• [DATA RECORDS]:

*-*-*

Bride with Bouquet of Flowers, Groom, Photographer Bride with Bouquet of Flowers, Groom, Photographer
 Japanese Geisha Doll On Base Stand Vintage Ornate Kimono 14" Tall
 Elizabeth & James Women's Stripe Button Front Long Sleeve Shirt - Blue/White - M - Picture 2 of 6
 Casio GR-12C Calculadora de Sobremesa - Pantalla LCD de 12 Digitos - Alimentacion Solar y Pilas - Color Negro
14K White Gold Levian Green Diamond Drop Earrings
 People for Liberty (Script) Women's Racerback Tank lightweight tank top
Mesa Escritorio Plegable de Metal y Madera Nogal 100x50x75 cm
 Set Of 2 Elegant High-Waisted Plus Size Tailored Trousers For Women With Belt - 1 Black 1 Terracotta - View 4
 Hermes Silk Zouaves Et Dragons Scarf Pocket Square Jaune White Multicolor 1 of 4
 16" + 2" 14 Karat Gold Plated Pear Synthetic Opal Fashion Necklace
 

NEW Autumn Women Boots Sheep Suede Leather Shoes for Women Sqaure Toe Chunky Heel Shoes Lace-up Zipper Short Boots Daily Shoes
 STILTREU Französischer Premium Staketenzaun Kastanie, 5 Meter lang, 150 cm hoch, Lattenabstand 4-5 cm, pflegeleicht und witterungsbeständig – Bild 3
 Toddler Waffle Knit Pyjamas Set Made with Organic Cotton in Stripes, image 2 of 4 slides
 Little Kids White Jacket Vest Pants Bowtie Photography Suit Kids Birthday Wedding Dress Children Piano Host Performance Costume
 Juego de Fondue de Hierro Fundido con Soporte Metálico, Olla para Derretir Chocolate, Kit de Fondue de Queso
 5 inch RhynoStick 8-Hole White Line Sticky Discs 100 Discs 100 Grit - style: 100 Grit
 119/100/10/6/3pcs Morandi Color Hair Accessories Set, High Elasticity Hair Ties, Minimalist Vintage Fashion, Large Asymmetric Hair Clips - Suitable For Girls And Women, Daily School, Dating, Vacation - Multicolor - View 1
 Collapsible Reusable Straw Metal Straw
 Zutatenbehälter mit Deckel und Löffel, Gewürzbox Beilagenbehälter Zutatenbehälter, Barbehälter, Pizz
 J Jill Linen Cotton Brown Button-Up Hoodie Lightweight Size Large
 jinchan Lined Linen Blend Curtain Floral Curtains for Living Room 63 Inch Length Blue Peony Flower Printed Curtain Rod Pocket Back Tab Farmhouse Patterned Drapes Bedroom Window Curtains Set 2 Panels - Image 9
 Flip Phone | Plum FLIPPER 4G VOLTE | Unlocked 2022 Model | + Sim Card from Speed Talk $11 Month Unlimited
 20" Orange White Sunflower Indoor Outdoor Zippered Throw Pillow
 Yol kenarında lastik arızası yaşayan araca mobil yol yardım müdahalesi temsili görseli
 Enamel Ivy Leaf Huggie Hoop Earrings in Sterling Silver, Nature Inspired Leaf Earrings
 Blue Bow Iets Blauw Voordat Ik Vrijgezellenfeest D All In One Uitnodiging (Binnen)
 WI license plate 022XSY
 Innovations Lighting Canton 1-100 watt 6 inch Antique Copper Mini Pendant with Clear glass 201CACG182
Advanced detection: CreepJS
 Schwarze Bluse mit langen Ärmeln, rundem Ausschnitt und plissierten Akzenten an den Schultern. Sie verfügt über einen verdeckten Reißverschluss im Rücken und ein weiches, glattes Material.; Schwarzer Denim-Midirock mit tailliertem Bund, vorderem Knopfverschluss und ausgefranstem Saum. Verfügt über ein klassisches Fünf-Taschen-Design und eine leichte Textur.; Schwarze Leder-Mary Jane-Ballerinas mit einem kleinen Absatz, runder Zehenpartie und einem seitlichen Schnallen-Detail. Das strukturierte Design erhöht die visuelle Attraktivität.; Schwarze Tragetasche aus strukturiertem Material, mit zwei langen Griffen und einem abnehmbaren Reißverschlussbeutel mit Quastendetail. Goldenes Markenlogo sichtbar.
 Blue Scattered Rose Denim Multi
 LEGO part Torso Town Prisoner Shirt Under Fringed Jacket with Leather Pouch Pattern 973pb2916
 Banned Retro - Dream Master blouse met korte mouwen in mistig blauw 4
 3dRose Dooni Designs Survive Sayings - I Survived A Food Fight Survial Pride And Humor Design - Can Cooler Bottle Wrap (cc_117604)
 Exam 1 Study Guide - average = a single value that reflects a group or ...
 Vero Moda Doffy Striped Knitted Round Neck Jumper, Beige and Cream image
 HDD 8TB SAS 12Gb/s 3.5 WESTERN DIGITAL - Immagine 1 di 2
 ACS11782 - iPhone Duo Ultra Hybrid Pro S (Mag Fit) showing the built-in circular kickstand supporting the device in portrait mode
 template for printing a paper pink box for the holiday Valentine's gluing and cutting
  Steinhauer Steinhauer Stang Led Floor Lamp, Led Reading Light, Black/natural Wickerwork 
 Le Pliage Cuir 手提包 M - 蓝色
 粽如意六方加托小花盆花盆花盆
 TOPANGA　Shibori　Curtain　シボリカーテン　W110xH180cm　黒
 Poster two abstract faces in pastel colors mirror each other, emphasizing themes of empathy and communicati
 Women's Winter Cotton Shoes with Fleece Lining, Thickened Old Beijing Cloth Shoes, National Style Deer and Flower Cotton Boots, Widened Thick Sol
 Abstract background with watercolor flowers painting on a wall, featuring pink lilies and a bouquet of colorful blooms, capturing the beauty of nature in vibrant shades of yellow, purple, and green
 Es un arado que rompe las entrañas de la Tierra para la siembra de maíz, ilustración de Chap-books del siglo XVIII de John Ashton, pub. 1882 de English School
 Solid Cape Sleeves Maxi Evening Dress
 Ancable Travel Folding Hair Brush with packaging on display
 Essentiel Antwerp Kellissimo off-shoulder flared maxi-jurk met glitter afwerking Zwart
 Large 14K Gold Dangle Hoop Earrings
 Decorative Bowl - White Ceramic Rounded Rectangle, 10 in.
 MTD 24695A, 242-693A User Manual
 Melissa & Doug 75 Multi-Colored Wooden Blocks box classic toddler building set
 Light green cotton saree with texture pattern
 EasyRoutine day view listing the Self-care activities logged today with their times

*-*-*

• [ACTIVITY]:
In your response, reproduce the records exactly, every one.

• [FINISHED TASK]:
Bride with Bouquet of Flowers, Groom, Photographer Bride with Bouquet of Flowers, Groom, Photographer
 Japanese Geisha Doll On Base Stand Vintage Ornate Kimono 14" Tall
 Elizabeth & James Women's Stripe Button Front Long Sleeve Shirt - Blue/White - M - Picture 2 of 6
 Casio GR-12C Calculadora de Sobremesa - Pantalla LCD de 12 Digitos - Alimentacion Solar y Pilas - Color Negro
14K White Gold Levian Green Diamond Drop Earrings
 People for Liberty (Script) Women's Racerback Tank lightweight tank top
Mesa Escritorio Plegable de Metal y Madera Nogal 100x50x75 cm
 Set Of 2 Elegant High-Waisted Plus Size Tailored Trousers For Women With Belt - 1 Black 1 Terracotta - View 4
 Hermes Silk Zouaves Et Dragons Scarf Pocket Square Jaune White Multicolor 1 of 4
 16" + 2" 14 Karat Gold Plated Pear Synthetic Opal Fashion Necklace
 

NEW Autumn Women Boots Sheep Suede Leather Shoes for Women Sqaure Toe Chunky Heel Shoes Lace-up Zipper Short Boots Daily Shoes
 STILTREU Französischer Premium Staketenzaun Kastanie, 5 Meter lang, 150 cm hoch, Lattenabstand 4-5 cm, pflegeleicht und witterungsbeständig – Bild 3
 Toddler Waffle Knit Pyjamas Set Made with Organic Cotton in Stripes, image 2 of 4 slides
 Little Kids White Jacket Vest Pants Bowtie Photography Suit Kids Birthday Wedding Dress Children Piano Host Performance Costume
 Juego de Fondue de Hierro Fundido con Soporte Metálico, Olla para Derretir Chocolate, Kit de Fondue de Queso
 5 inch RhynoStick 8-Hole White Line Sticky Discs 100 Discs 100 Grit - style: 100 Grit
 119/100/10/6/3pcs Morandi Color Hair Accessories Set, High Elasticity Hair Ties, Minimalist Vintage Fashion, Large Asymmetric Hair Clips - Suitable For Girls And Women, Daily School, Dating, Vacation - Multicolor - View 1
 Collapsible Reusable Straw Metal Straw
 Zutatenbehälter mit Deckel und Löffel, Gewürzbox Beilagenbehälter Zutatenbehälter, Barbehälter, Pizz
 J Jill Linen Cotton Brown Button-Up Hoodie Lightweight Size Large
 jinchan Lined Linen Blend Curtain Floral Curtains for Living Room 63 Inch Length Blue Peony Flower Printed Curtain Rod Pocket Back Tab Farmhouse Patterned Drapes Bedroom Window Curtains Set 2 Panels - Image 9
 Flip Phone | Plum FLIPPER 4G VOLTE | Unlocked 2022 Model | + Sim Card from Speed Talk $11 Month Unlimited
 20" Orange White Sunflower Indoor Outdoor Zippered Throw Pillow
 Yol kenarında lastik arızası yaşayan araca mobil yol yardım müdahalesi temsili görseli
 Enamel Ivy Leaf Huggie Hoop Earrings in Sterling Silver, Nature Inspired Leaf Earrings
 Blue Bow Iets Blauw Voordat Ik Vrijgezellenfeest D All In One Uitnodiging (Binnen)
 WI license plate 022XSY
 Innovations Lighting Canton 1-100 watt 6 inch Antique Copper Mini Pendant with Clear glass 201CACG182
Advanced detection: CreepJS
 Schwarze Bluse mit langen Ärmeln, rundem Ausschnitt und plissierten Akzenten an den Schultern. Sie verfügt über einen verdeckten Reißverschluss im Rücken und ein weiches, glattes Material.; Schwarzer Denim-Midirock mit tailliertem Bund, vorderem Knopfverschluss und ausgefranstem Saum. Verfügt über ein klassisches Fünf-Taschen-Design und eine leichte Textur.; Schwarze Leder-Mary Jane-Ballerinas mit einem kleinen Absatz, runder Zehenpartie und einem seitlichen Schnallen-Detail. Das strukturierte Design erhöht die visuelle Attraktivität.; Schwarze Tragetasche aus strukturiertem Material, mit zwei langen Griffen und einem abnehmbaren Reißverschlussbeutel mit Quastendetail. Goldenes Markenlogo sichtbar.
 Blue Scattered Rose Denim Multi
 LEGO part Torso Town Prisoner Shirt Under Fringed Jacket with Leather Pouch Pattern 973pb2916
 Banned Retro - Dream Master blouse met korte mouwen in mistig blauw 4
 3dRose Dooni Designs Survive Sayings - I Survived A Food Fight Survial Pride And Humor Design - Can Cooler Bottle Wrap (cc_117604)
 Exam 1 Study Guide - average = a single value that reflects a group or ...
 Vero Moda Doffy Striped Knitted Round Neck Jumper, Beige and Cream image
 HDD 8TB SAS 12Gb/s 3.5 WESTERN DIGITAL - Immagine 1 di 2
 ACS11782 - iPhone Duo Ultra Hybrid Pro S (Mag Fit) showing the built-in circular kickstand supporting the device in portrait mode
 template for printing a paper pink box for the holiday Valentine's gluing and cutting
  Steinhauer Steinhauer Stang Led Floor Lamp, Led Reading Light, Black/natural Wickerwork 
 Le Pliage Cuir 手提包 M - 蓝色
 粽如意六方加托小花盆花盆花盆
 TOPANGA　Shibori　Curtain　シボリカーテン　W110xH180cm　黒
 Poster two abstract faces in pastel colors mirror each other, emphasizing themes of empathy and communicati
 Women's Winter Cotton Shoes with Fleece Lining, Thickened Old Beijing Cloth Shoes, National Style Deer and Flower Cotton Boots, Widened Thick Sol
 Abstract background with watercolor flowers painting on a wall, featuring pink lilies and a bouquet of colorful blooms, capturing the beauty of nature in vibrant shades of yellow, purple, and green
 Es un arado que rompe las entrañas de la Tierra para la siembra de maíz, ilustración de Chap-books del siglo XVIII de John Ashton, pub. 1882 de English School
 Solid Cape Sleeves Maxi Evening Dress
 Ancable Travel Folding Hair Brush with packaging on display
 Essentiel Antwerp Kellissimo off-shoulder flared maxi-jurk met glitter afwerking Zwart
 Large 14K Gold Dangle Hoop Earrings
 Decorative Bowl - White Ceramic Rounded Rectangle, 10 in.
 MTD 24695A, 242-693A User Manual
 Melissa & Doug 75 Multi-Colored Wooden Blocks box classic toddler building set
 Light green cotton saree with texture pattern
 EasyRoutine day view listing the Self-care activities logged today with their times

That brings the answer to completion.